In the context of a survey, the unit of observation describes the unit at or for which survey data is collected. Many times, the unit of observation in a survey is the type of respondent. However, sometimes a respondent provides answers about a larger entity, which is the unit of observation. For example, if school principals are the survey respondents but they provide answers about their schools, the unit of observation is school. If mothers are the survey respondents but they provide answers about their households, the unit of observation is household. However, if school principals are the survey respondents and they provide answers about themselves, then the unit of observation is principal. Similarly, if mothers are the survey respondents and they provide answers about themselves, the unit of observation is mother. Identifying the unit of observation early in the study design is critical for designing a high-quality survey and effectively planning primary data collection.

## Unit of Observation in Datasets

When working with a dataset that you have not created yourself, always start by identifying the unit of observation. In many cases, there is seemingly little risk for confusion in terms of unit of observation. We often have a good intuition for the unit of observation at the first glance of a dataset or a file name. However, always test that your assumption is correct: errors due to an unclear understanding of unit of observation are more common than one might imagine. Consider, for example, monitoring data whose unit of observation is “packages distributed to households.” However, since most households in the dataset only received one package, one could easily confuse the unit of observation to be “household.” Clarifying and confirming the unit of confirmation before beginning to work with a dataset avoids biased analysis and makes the way for a correct interpretation of regression and analysis results.

Note that a dataset is always incorrectly constructed if it has more than one unit of observation. Even if the two units of observation have the same variables, it is incorrect, bad practice, and a huge source of error if they are included in the same dataset. All such datasets should be separated into two datasets.

### Confirming Unit of Observation

The most obvious way to confirm the unit of observation in a new dataset is by asking the person from whom you received the dataset. If you can’t do this for whatever reason, begin by inferring the unit of observation.

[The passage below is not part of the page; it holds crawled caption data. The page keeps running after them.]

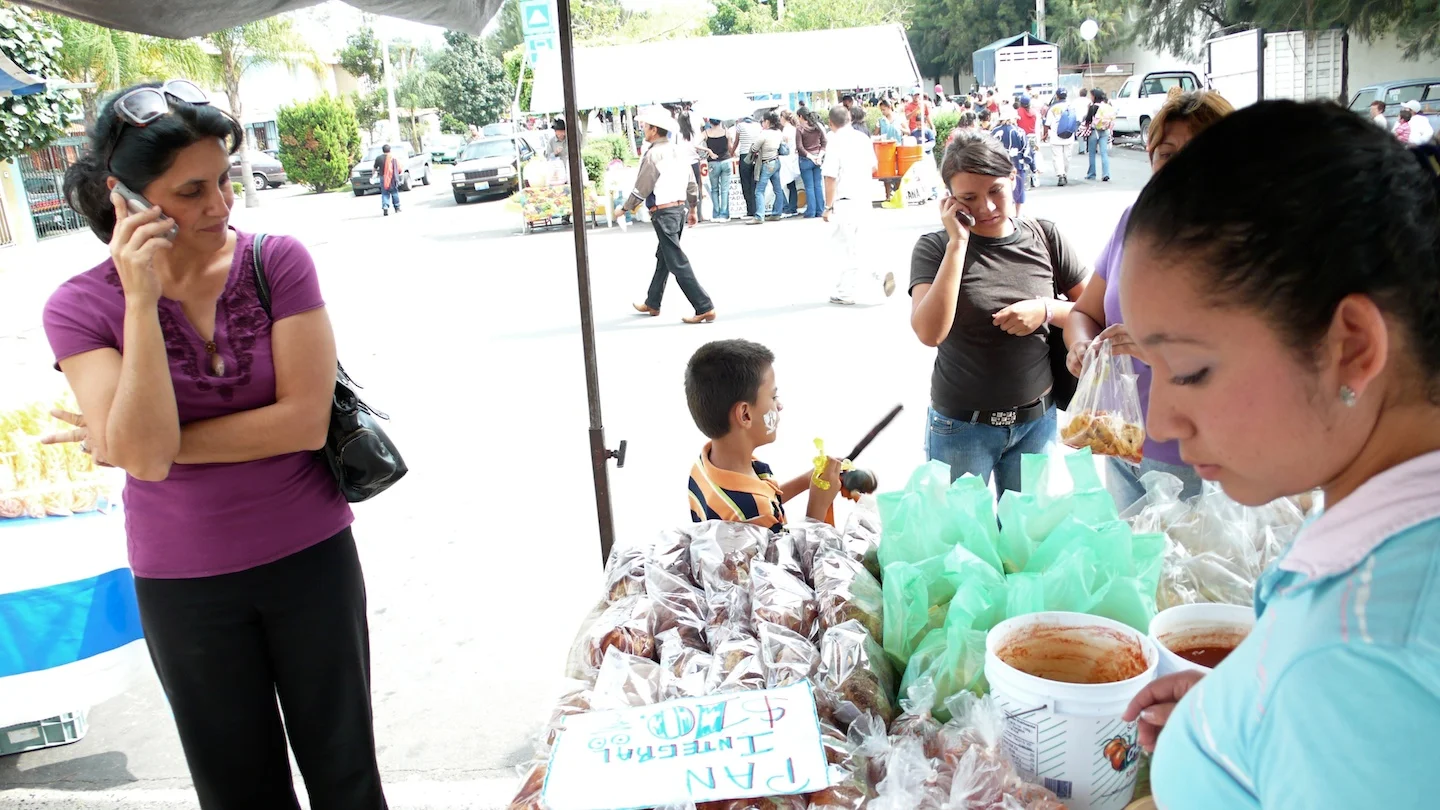 Zapopan, Jalisco 2007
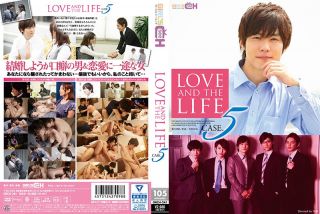 GRCH-241 LOVE AND THE LIFE CASE.5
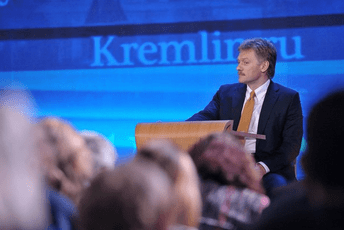 Kremlj: Spremni smo na pregovore ali o predaji Ukrajine Kremlj: Spremni smo na pregovore ali o predaji Ukrajine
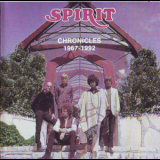 Spirit - Chronicles 1967-1992 '1991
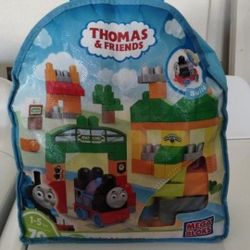 Mega Bloks Thomas and Friends Sodor Adventures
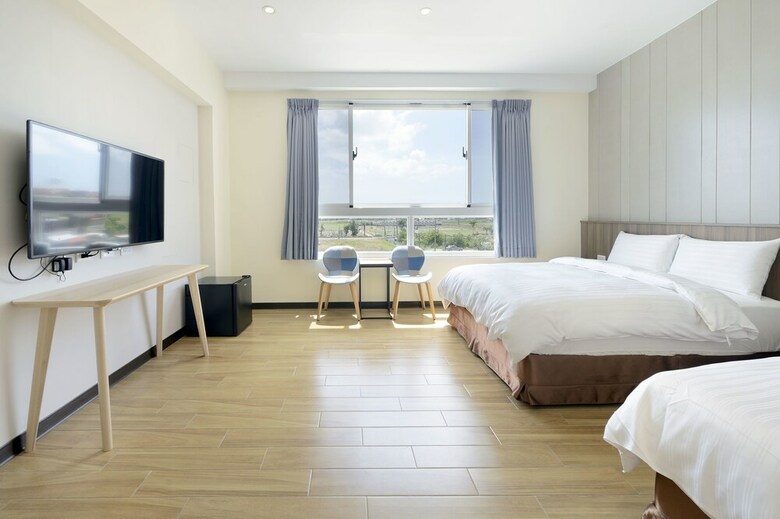 Hotel Haozai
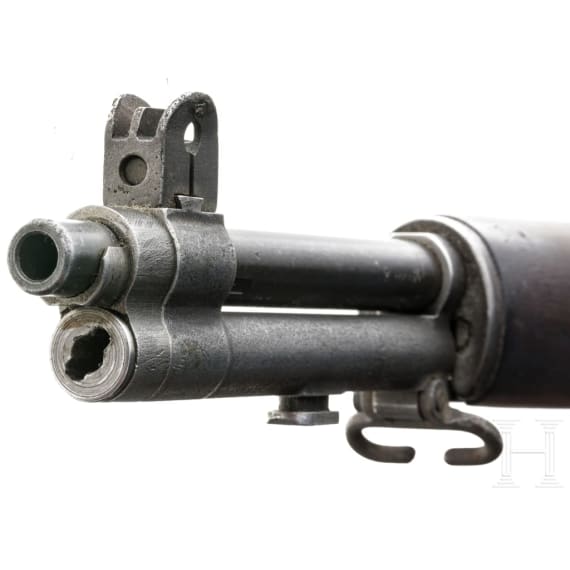 .30 M1 Garand, Springfield Armory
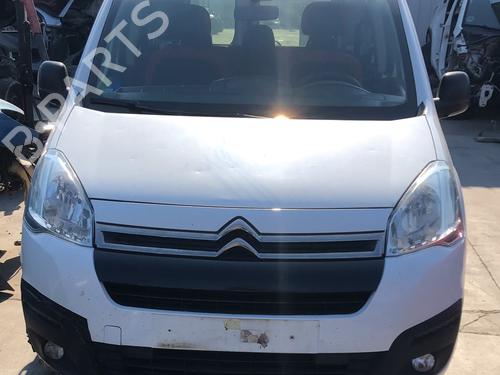 Used Parts CITROËN BERLINGO Box Body/MPV (B9) 4782869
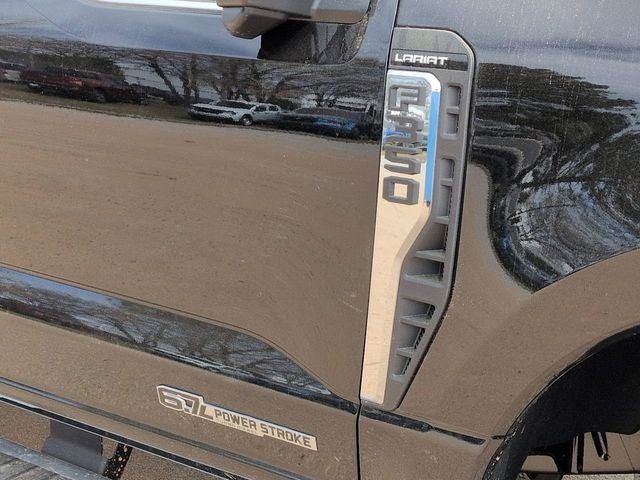 2026 Ford F-350SD F-350® Lariat®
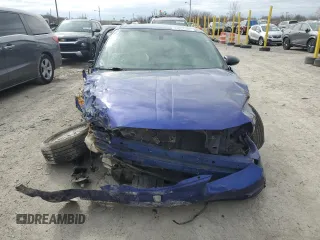 2005 Chevrolet Monte Carlo LS with VIN 2G1WW12E559267972, listed as a Copart auction lot 49661905 with 177,873 mi miles and Salvage Title. Bid and sale history available at carsss.com. Image 5.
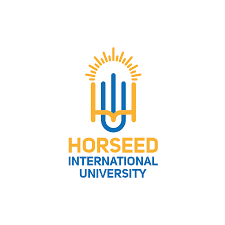 HIU - Horseed International University logo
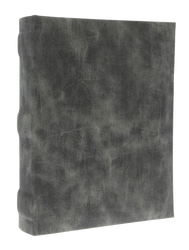 Album kieszeniowy 10x15 300 zdjęć Hera szary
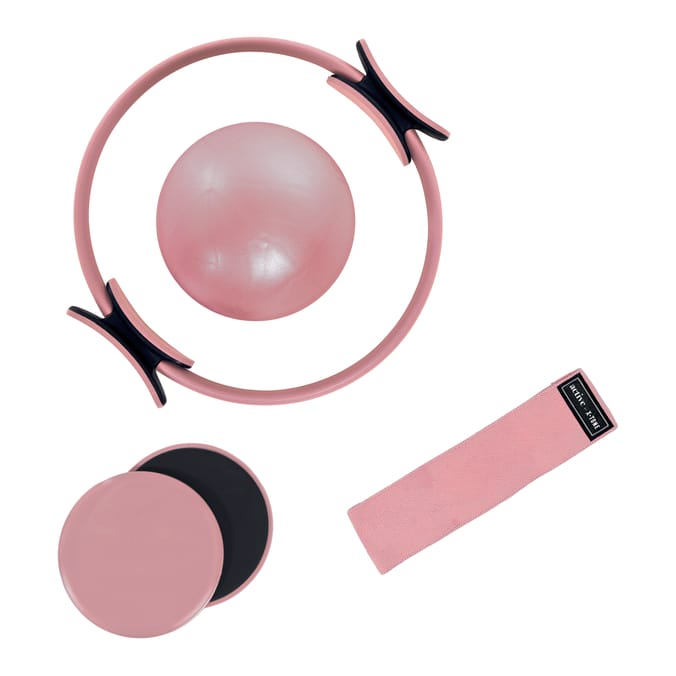 Pilates Essential Kit - Pure Flow Essentials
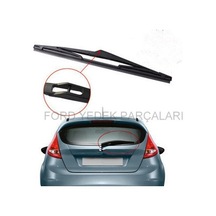 Ford Fiesta Arka Silecek Takımı 2008-2018
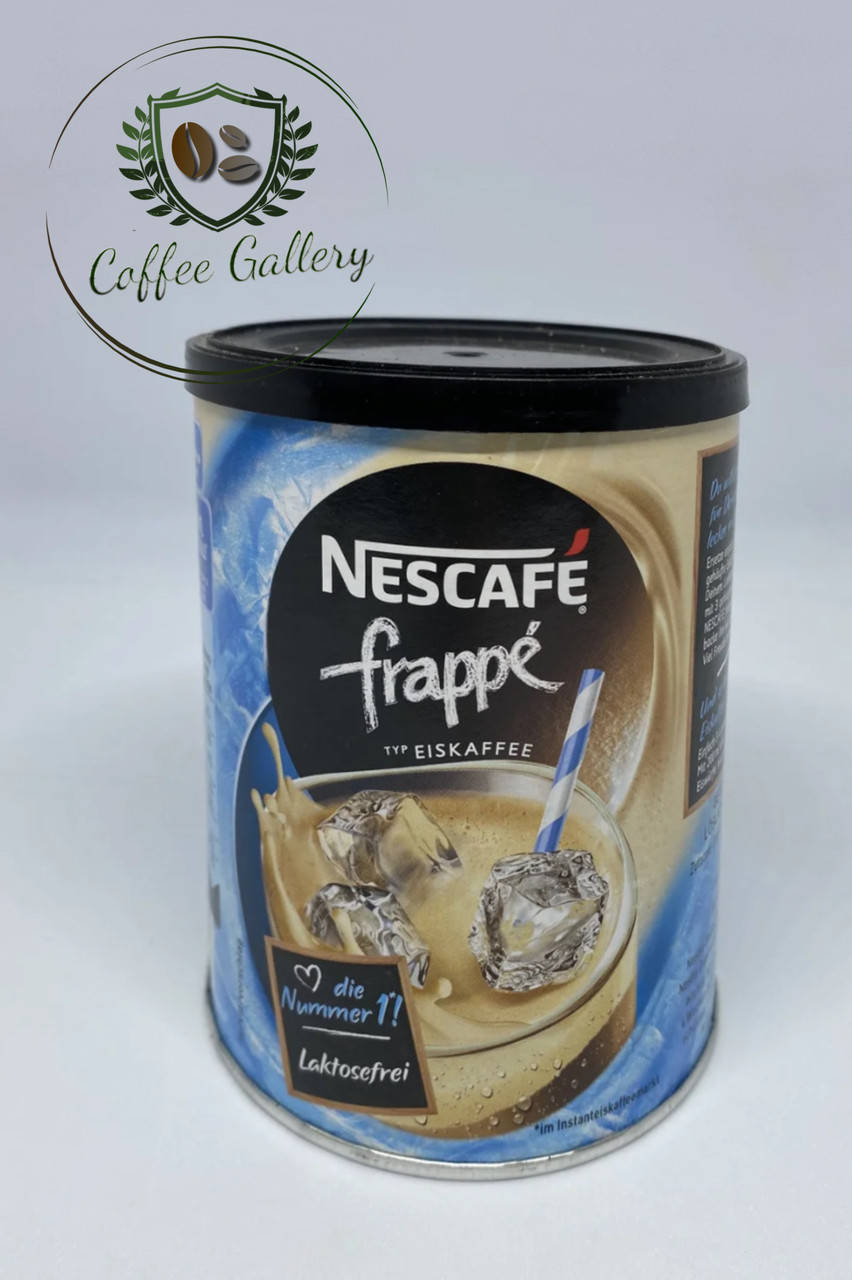 

Холодна кава Nescafe Frappe 275 г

Imagine you believe the unit of observation is household. Then, open up the dataset, look for a household ID variable and test if it is uniquely and fully identifying. If it is, then you are done. If not, search for other information that uniquely and fully identifies the dataset. In this case, for example, look for variables with information of household head name. Test if this variable uniquely identifies all observations. Names are often not unique across a country, so you might have to add region name and village name to the test. Once you have found the information that uniquely and fully identifies the dataset, make sure you create an appropriate ID variable accordingly if it does not yet exist.